With seven children in the house, a wife, and people I work with, it feels like I move from one crucial conversation to another. It feels like I move from one conversation that is important to my relationship with someone to the next one. Certainly I’m no stranger to looking for skills to improve my communication and relationship with others (See Boundaries, Beyond Boundaries, How to Be an Adult in Relationships, The Science of Trust, etc. ), however, I felt like Crucial Conversations would offer a different perspective. I felt like it might be a good capstone for some of my research on how to manage difficult conversations. It didn’t disappoint.
Truth and Love
For me the heart of Crucial Conversations is the idea that you need to speak your truth in love. That is you have to be open and share your perception of reality with everyone at the table but you have to do so in a way that recognizes and respects the other people at the table and that their perspectives and values may be different.
I’ve spoken about truth – and the fact that it’s our truth not a universal truth – in my reviews of Beyond Boundaries, How to Be an Adult in Relationships, and Changes that Heal. Nearly every time truth comes up it’s balanced by grace or love. That is truth is a cold harsh reality that we can’t always handle. If we give folks pure truth, their ego defenses are likely to kick in and protect them – because they can’t handle the truth. (See Defensive Routines and my review of Change or Die.) At least most folks can’t handle the truth without love.
Owning Our Problems
Certainly there are situations that we didn’t create and we didn’t control.
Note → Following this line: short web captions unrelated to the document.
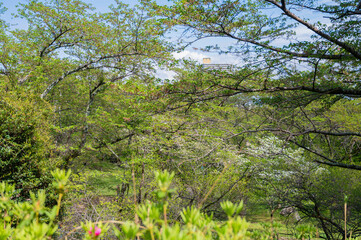 皇子が丘公園の雑木林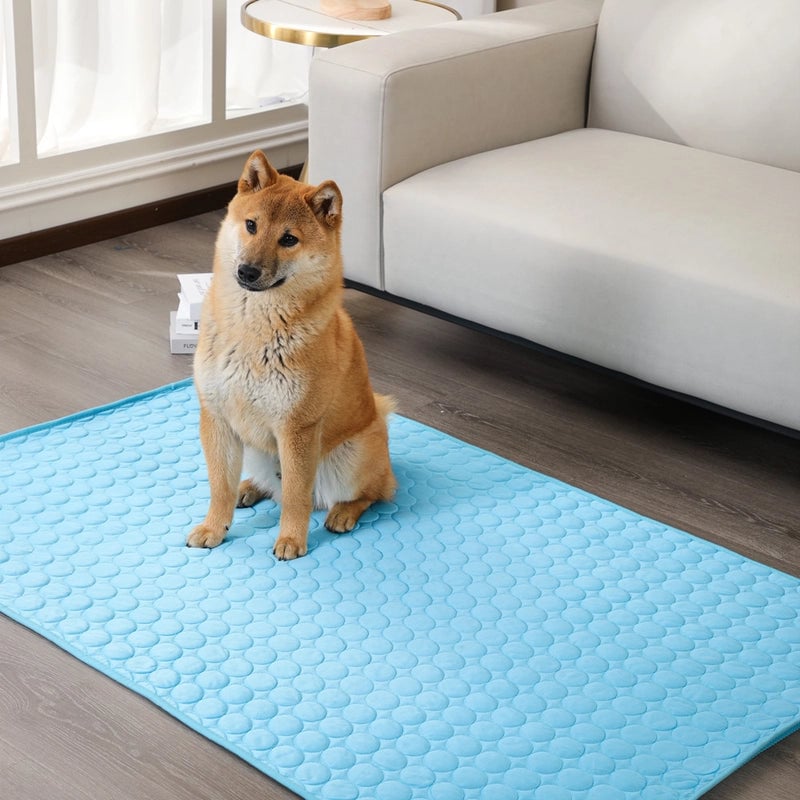 Summer Pet Ice Pad Dog Nest Cooling Mat Cat Ice Silk Pad Pet Supplies Breathable Comfortable Sleeping Mat For Dogs Cats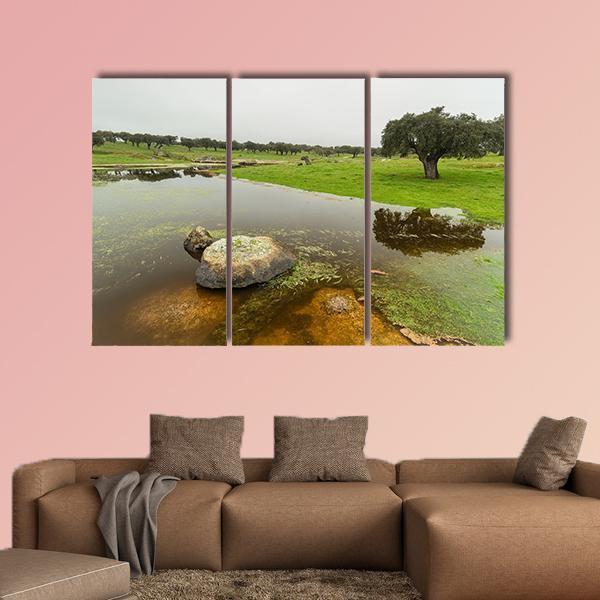 Pond In Extremadura Spain Canvas Wall Art-3 Horizontal-Gallery Wrap-37" x 24"-Tiaracle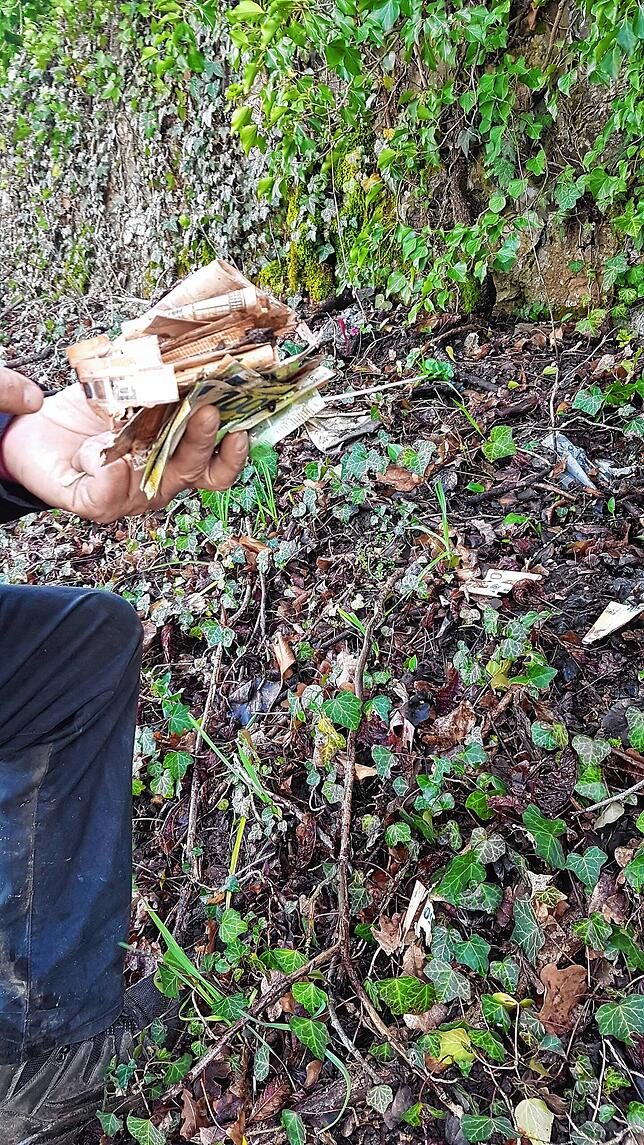 10.000 Euro in Scheinen – ein kurioser Fund auf dem Gelände des Rheinschlosses.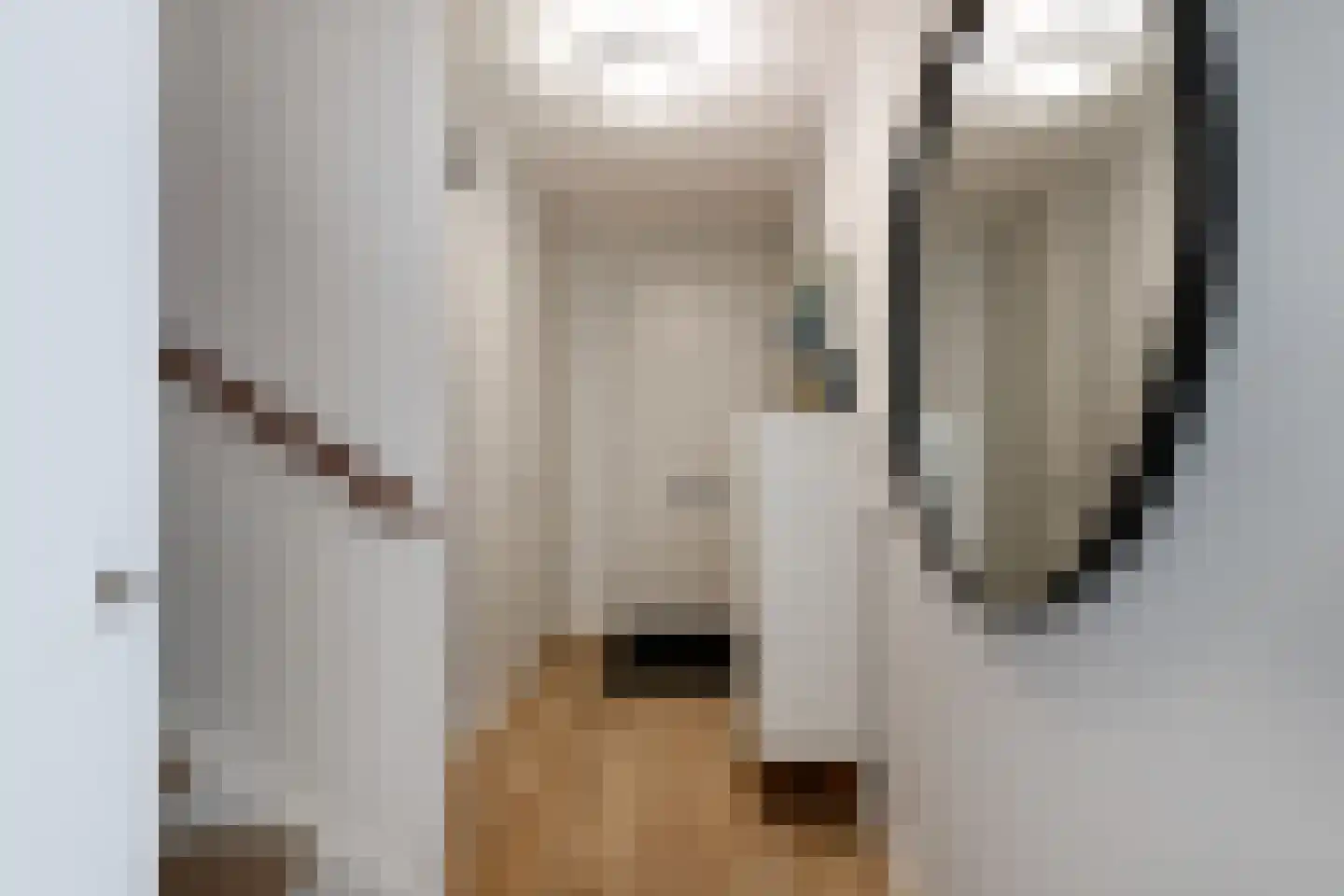 Lippizanerstraat 17 Utrecht thumbnail 5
For me the most obvious example is the death of my brother. I had no control over that event – and no influence. However, most of our general circumstances and most of our problems have some component that we’ve created. If you’ve got a strained relationship with your children you own the times that you made a cutting comment. (I’ve made them too.) If you’re struggling financially it can certainly be that you were burdened with something that was your fault. It’s also possible that you decided that you had to have the latest car, iPhone, or handbag. Even a few of these indulgences or necessary status symbols can create a drain on your financial resources that have left you with challenges.
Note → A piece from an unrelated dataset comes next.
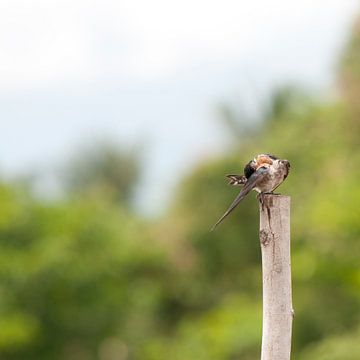 Endemische vliegenvanger Sulawesi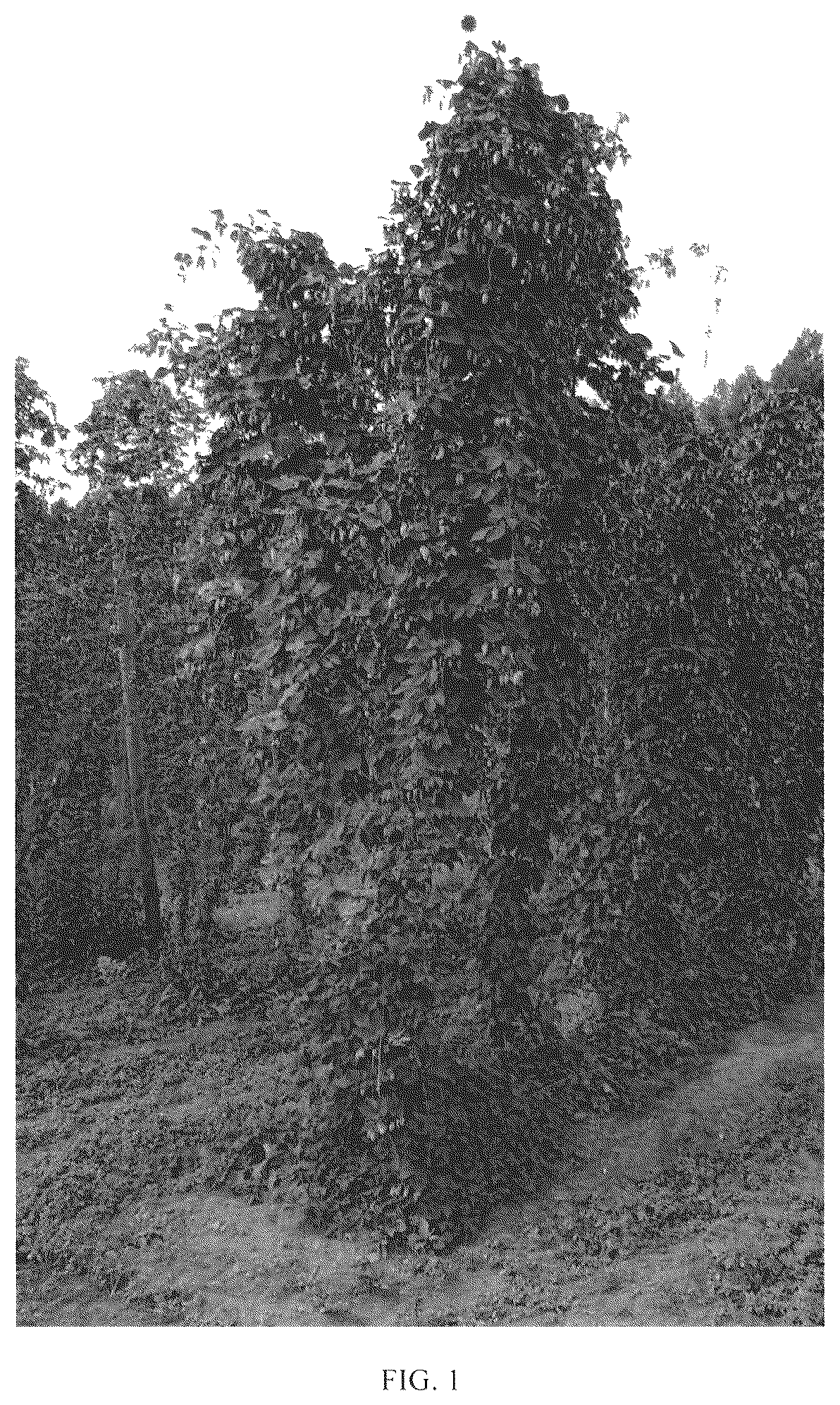 Patent USPP036303 — Hop plant named ‘Furano 0612B Go’ — Figure 1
Consider for a moment what would happen to your finances each month if you didn’t have a house payment or a car payment. Most folks in the US have both a house payment and one or two car payments. These expenses represent a large amount of income. What if you could get to the point you could buy cars with cash and eventually pay off your mortgage. So sometimes our financial problems are problems of our own making.
In the context of relationships rarely are our hands truly clean. We roll our eyes at someone, treat them disrespectfully, or ignore them and later wonder why they treat us with hostility. It’s much more productive for us to realize that the only people that we can change are ourselves. We can’t change others. We can only reliably change our behaviors. If we get a different result from others, great.
We have to sweep our side of the street and get it truly clean before we can look across the street and complain at our neighbor not keeping their side of the street clean. (Here’s a secret we never really finish cleaning our side of the street so we can never get to the point of pointing out how dirty the other side is.)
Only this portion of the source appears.